Details are slim, but here’s the skeleton of Blagojevich’s general proposals:
- Child tax credits: $300 tax credit per child for Illinois taxpayers who qualify for the federal tax break. Funding source: “Securitization” of state assets, or selling an existing revenue source to investors for a one-time influx of cash. The only specific example provided by the administration: Get an up-front payment from investors who buy the state’s portion of national tobacco settlement funds. The justification is that those funds are likely to decrease because the state has fewer smokers and has a statewide smoking ban.
- Business tax breaks: $300 million in tax breaks — amounting to a 20 percent break — for businesses that filed corporate income taxes in Illinois for 2007 and that maintained employment levels. Funding source: Partially be paid for by “securitization” of a dwindling revenue source.
- Health care: $417 million “Illinois Covered” health care plan. Funding source: 3 percent payroll tax on businesses with more than 10 employees (this is very similar to his proposal last year).
- Education: $300 million increase for education, but it would be up to the legislature to hash out where the money would go in the education system. Funding source: Selling 80 percent of the Illinois Lottery for $7 billion.
- Infrastructure: $25 billion capital plan with money for schools, roads, bridges, mass transit, airports, railways, energy and technology, economic development and state buildings. Funding source: selling 80 percent of the Illinois Lottery and by issuing $3.8 billion in bonds. The debt service would come from annual transfers from the Road Fund.

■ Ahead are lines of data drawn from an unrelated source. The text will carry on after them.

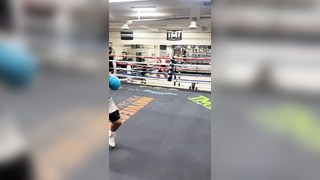 ? #boxing #boxingsavedmylife #proboxing #boxeo #sparclub #sparring ...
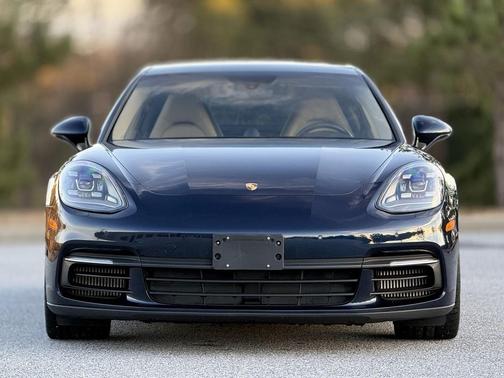 2018 Porsche Panamera 4S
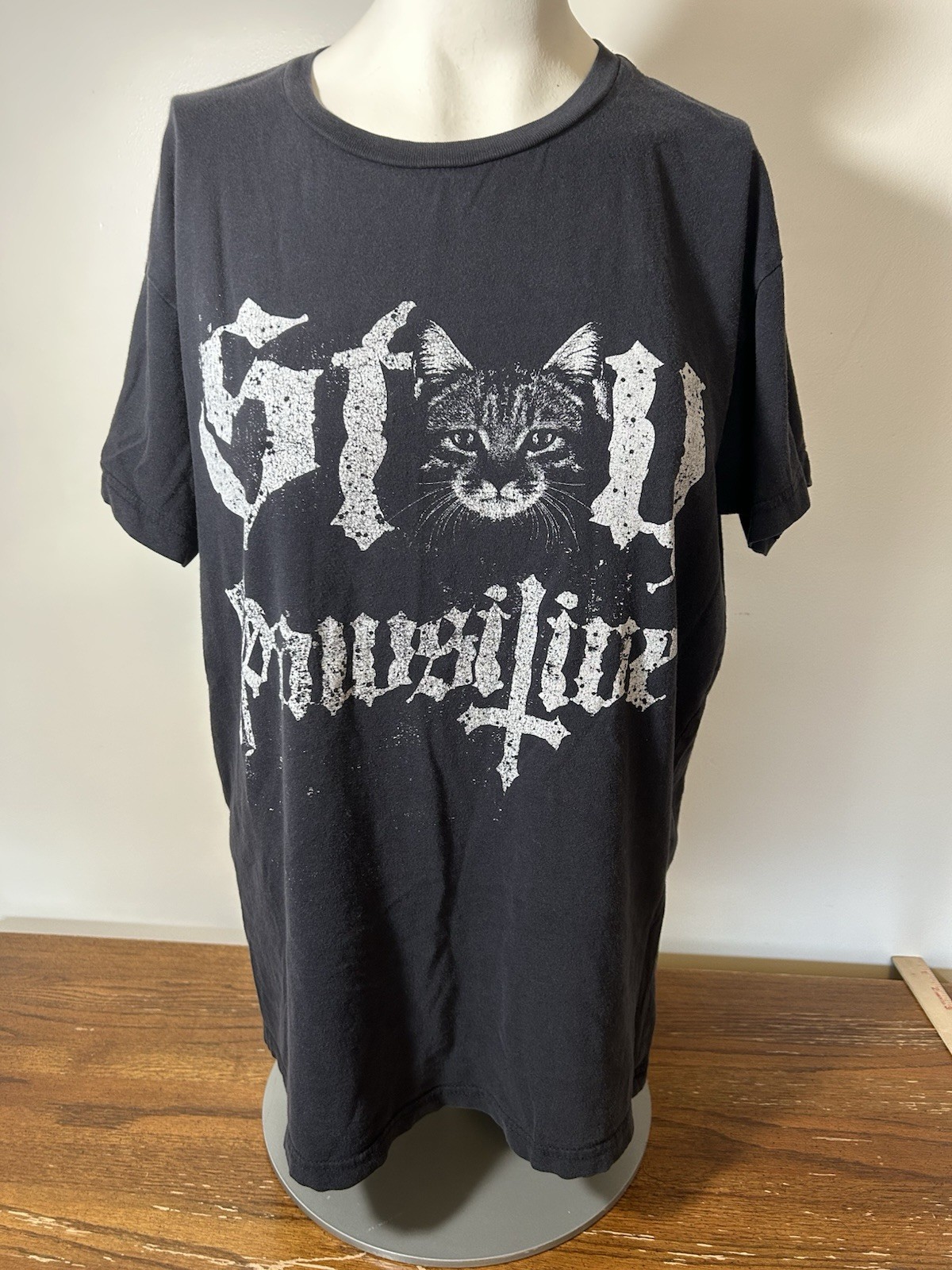 Blackcraft Cult Vintage Stay Pawsitive Cat Shirt Size Small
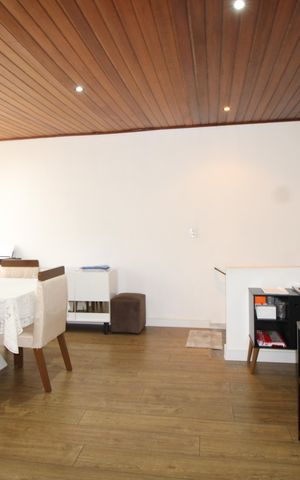 Casa para alugar com 248m², 3 quartos e 3 vagasSala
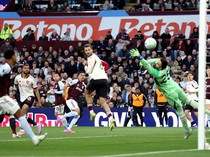 Klasemen Liga Inggris: Liverpool Disalip Aston Villa & Diancam Bournemouth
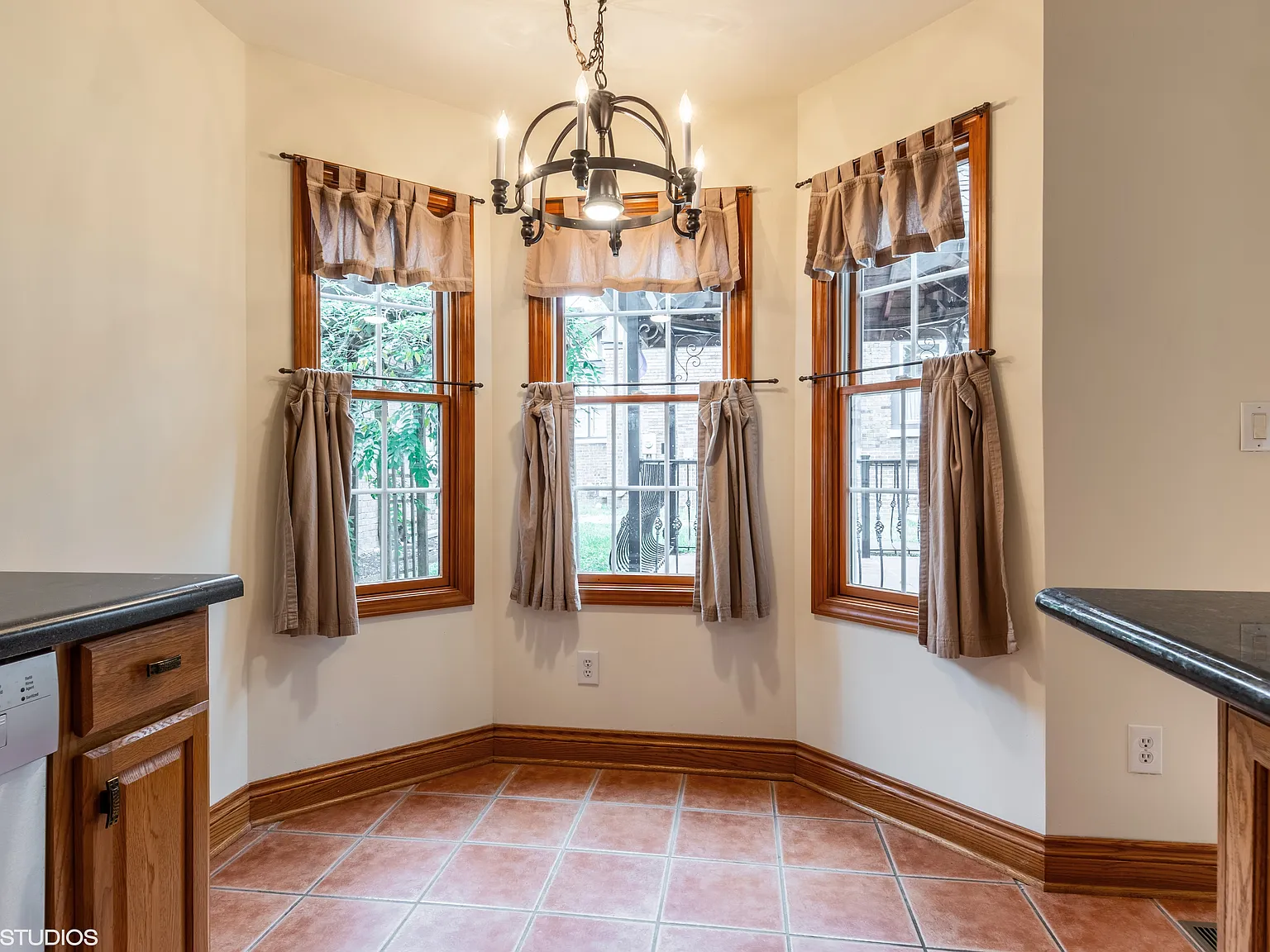 2 bed, 1244 sqft, $1,695 — Photo 4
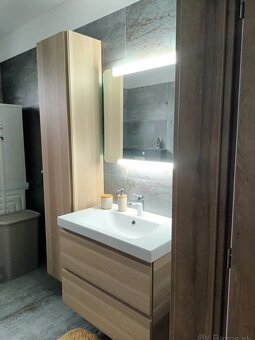 Na predaj moderný 4-izbový bungalov s presklenou terasou - 9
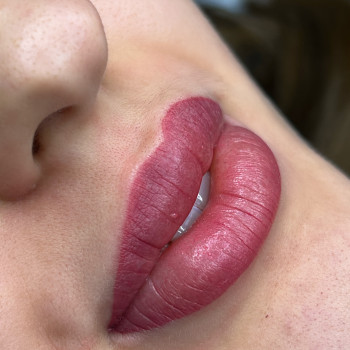 Перманентный макияж губ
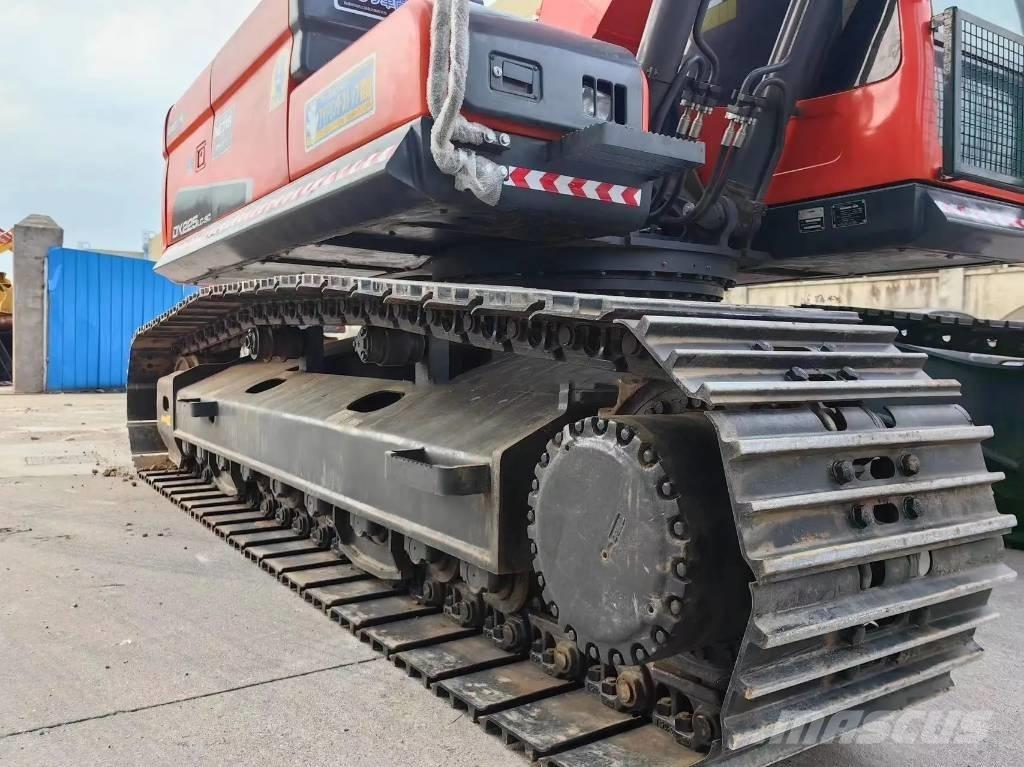Doosan DX225LC-9C Pásové rýpadlá
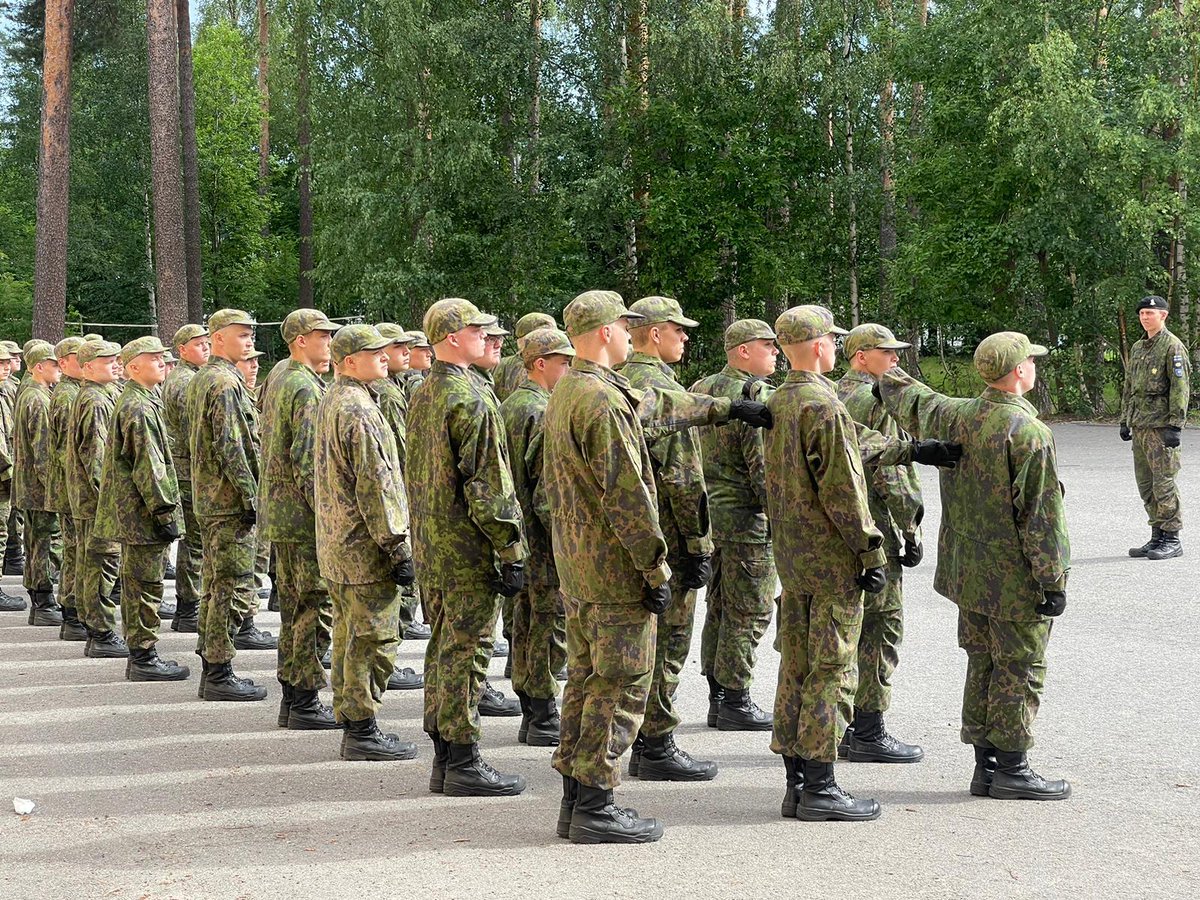 PanssariPR's tweet photo. Riviin – järjesty! Autokomppanian alokkaiden viikko on kulunut mm. sulkeisten parissa. Sulkeisjärjestyksen harjoittelu on tärkeää, sillä se luo yhteishenkeä ja kuria sekä totuttaa sotilaat vaistomaiseen tottelemiseen ja täsmällisyyteen. 🫡 #pspr #maavoimat #autok #alokasjakso https://t.co/BtWw79RX7E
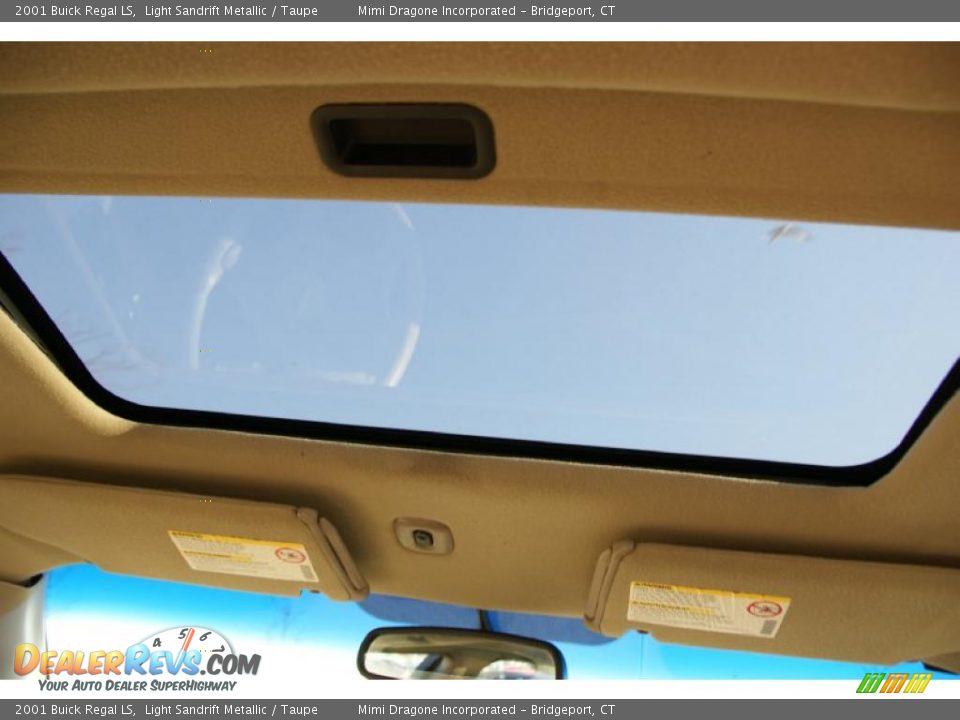 2001 Buick Regal LS Light Sandrift Metallic / Taupe Photo #16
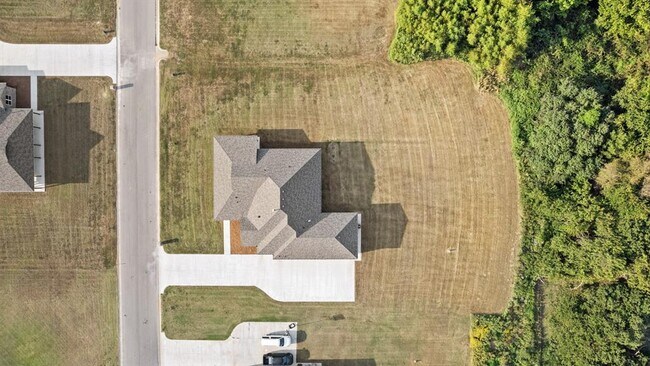 Building Photo - 214 Olde Ml Ct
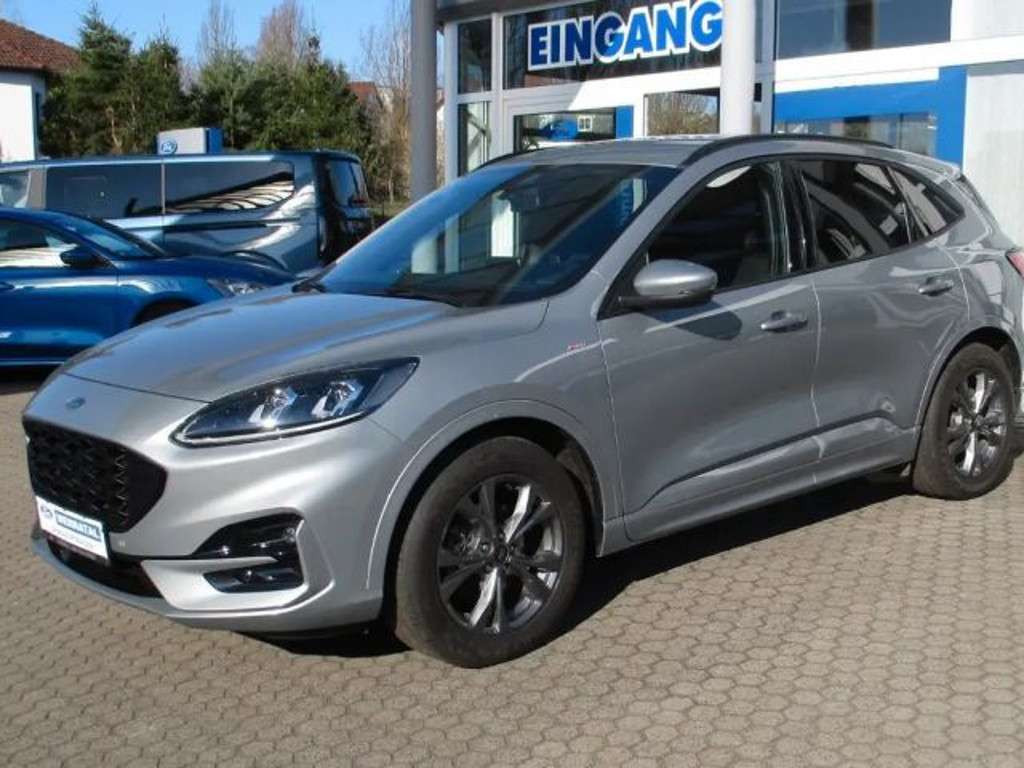 Ford Kuga 2021 Benzine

- Pensions: $16 billion pension obligations bonds (borrowing/refinancing debt) to pay down pensions and to save money from a lower interest rate. Funding source: Partially by selling the Illinois Lottery and by transferring $300 million each year from the Road Fund and other sources.
Other revenue proposals
- Gaming tax: Increase gaming tax rates (on riverboats) on a sliding scale, generating $300 million
- New casino/riverboat: Accept bids on the dormant 10th gaming license for an up-front $575 million; once online, the new casino also would generate money for the state each year.
- Fund transfers: Take back excess money from special purpose funds and “charge” them for cost of administering those funds, generating $95 million.
- Corporate “loopholes”: End a laundry list of tax breaks for businesses, generating $140 million.
- State employee head count/streamline: Don’t replace employees who retire or quit, and continue to consolidate administrative functions.
- Sell more state assets: Sell state buildings that are or will be vacant, generating $40 million.